The US Environmental Protection Agency (EPA) yesterday issued a waiver under the Clean Air Act that will allow the production, sales and distribution of 11.5 RVP gasoline effective immediately — more than two weeks ahead of the original transition on 15 September.

The waiver, aimed at minimizing supply disruptions, would in theory allow splash blending of more butane and naphtha into the finished 9 RVP gasoline pool, which would subsequently see pricing for 11.5 RVP and 9 RVP gasoline converge.

But it triggered little interest from participants in the gasoline and blendstock markets today, as the spread between 11.5 RVP and 9 RVP grades actualy widened. Gasoline grades of 11.5 RVP were valued at a 2¢/USG discount to 9 RVP grades today, compared with 1.5¢/USG yesterday. CBOB with 11.5 RVP shed 0.75¢/USG against a lower Nymex RBOB futures contract.

All Louisiana ports — Baton Rouge, New Orleans, Plaquemines, South Louisiana and St Bernard — remain closed today. While operations have resumed on the Colonial pipeline that carries refined products from the Gulf to the US Northeast, Kinder Morgan's 700,000 b/d Products (SE) Pipe Line system — formerly known as Plantation — from Mississippi to North Carolina was shut in because of power outages.

"Nothing can move in Louisiana and Mississippi," a market source said.

This means that not only is local road travel reduced in the short term, it is also extremely difficult to get finished fuel or blending components in and out of these states.

Although participants in the butane and naphtha markets are aware of the waiver, there has not been any additional interest in these typical winter blendstocks today from gasoline producers.

Meanwhile, regions supplied by refineries in Louisiana, including southeastern states and Florida, are outside of the scope of the RVP waiver.
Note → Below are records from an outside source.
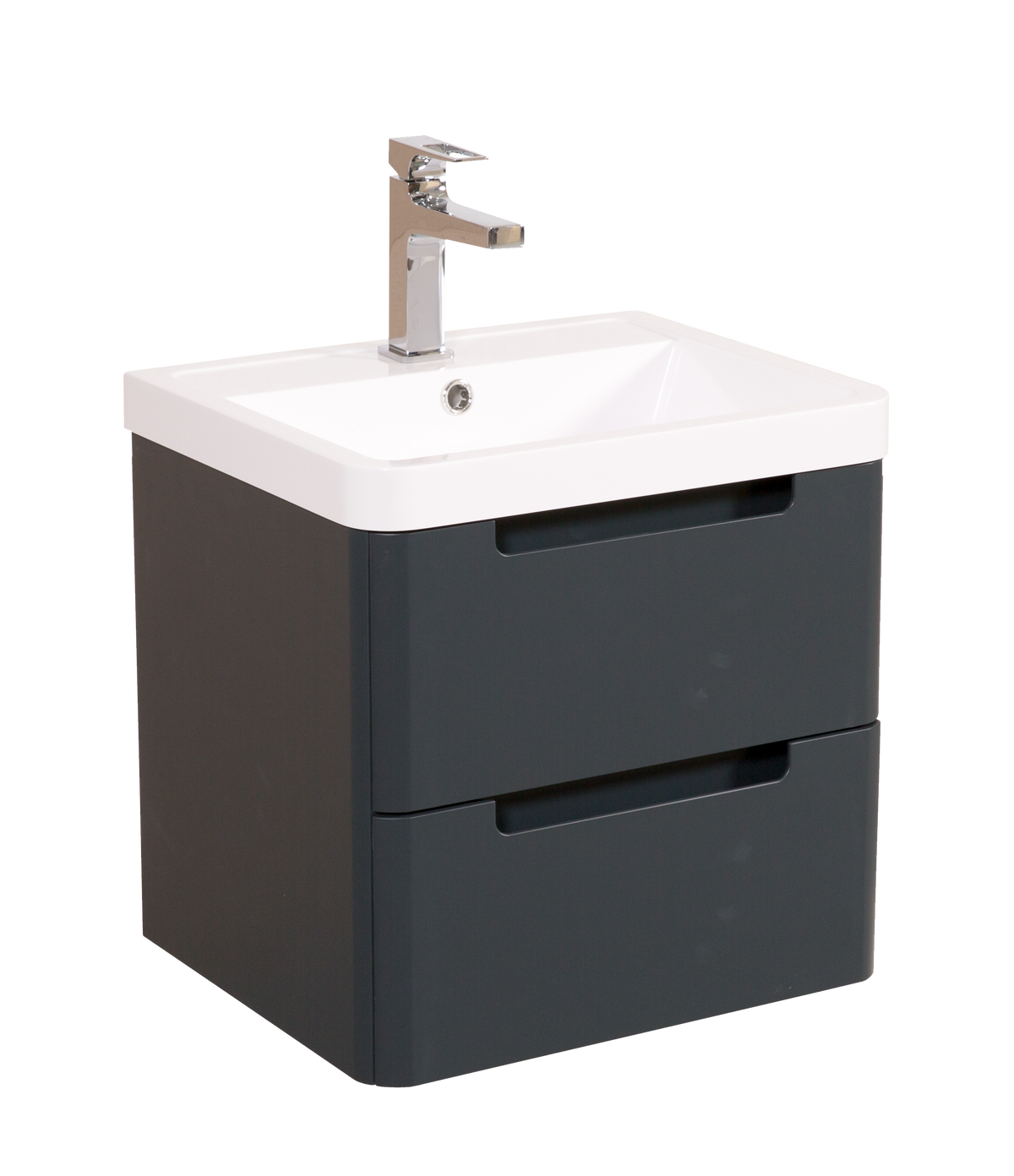 Monza 500mm Vanity & Basin Shadow Grey - Wall Hung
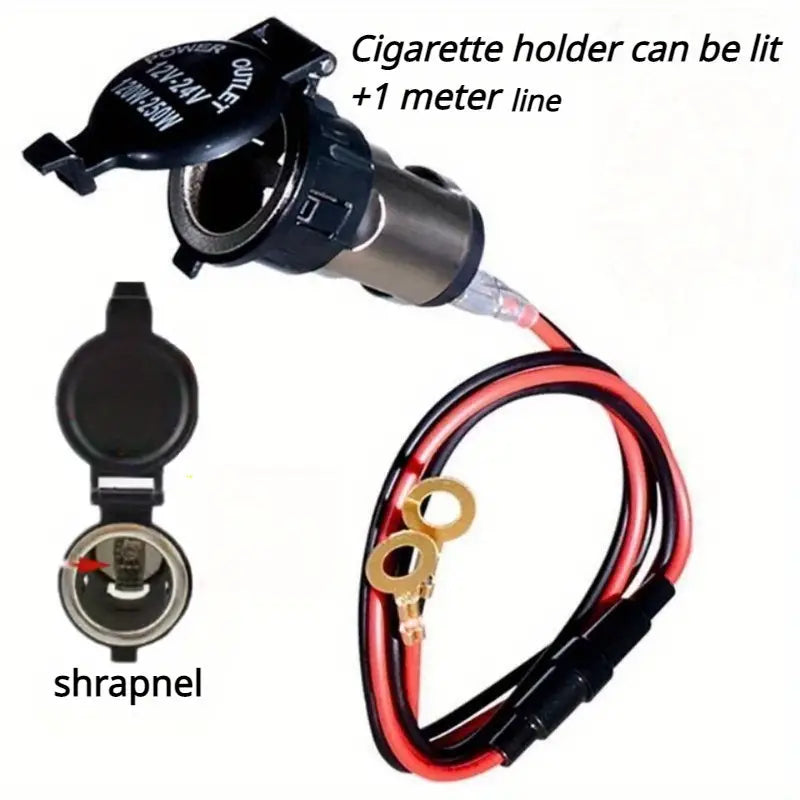Vehicle Retrofit Waterproof Hard Cover Car Automobile Metal Cigarette Lighter Base-12V-24V Motorcycle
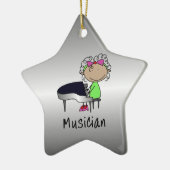 職業ミュージシャンの専門の女性のカスタム セラミックオーナメント (左)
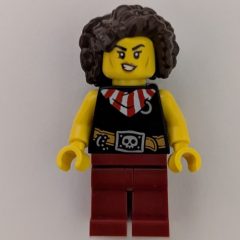 Minifigurka LEGO Pirate, Black Vest, Dark Red Legs, Dark Brown Hair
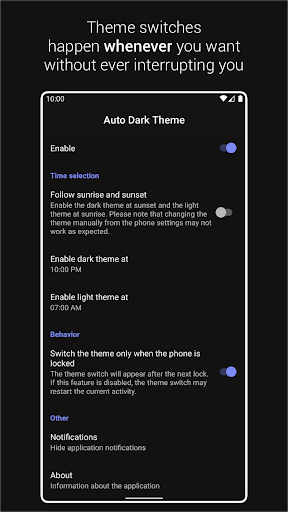 Automatic Dark Theme for Android 10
In terms of their role in the market, Louisiana and Mississippi are much bigger suppliers than they are consumers.

Moreover, the market is only two weeks away from the original mid-September transition. Many producers have already tilted refining and blending operations to higher RVP fuels. The spot market transitions from 9 RVP to 11.5 RVP beginning at the end of this week, on 3 September.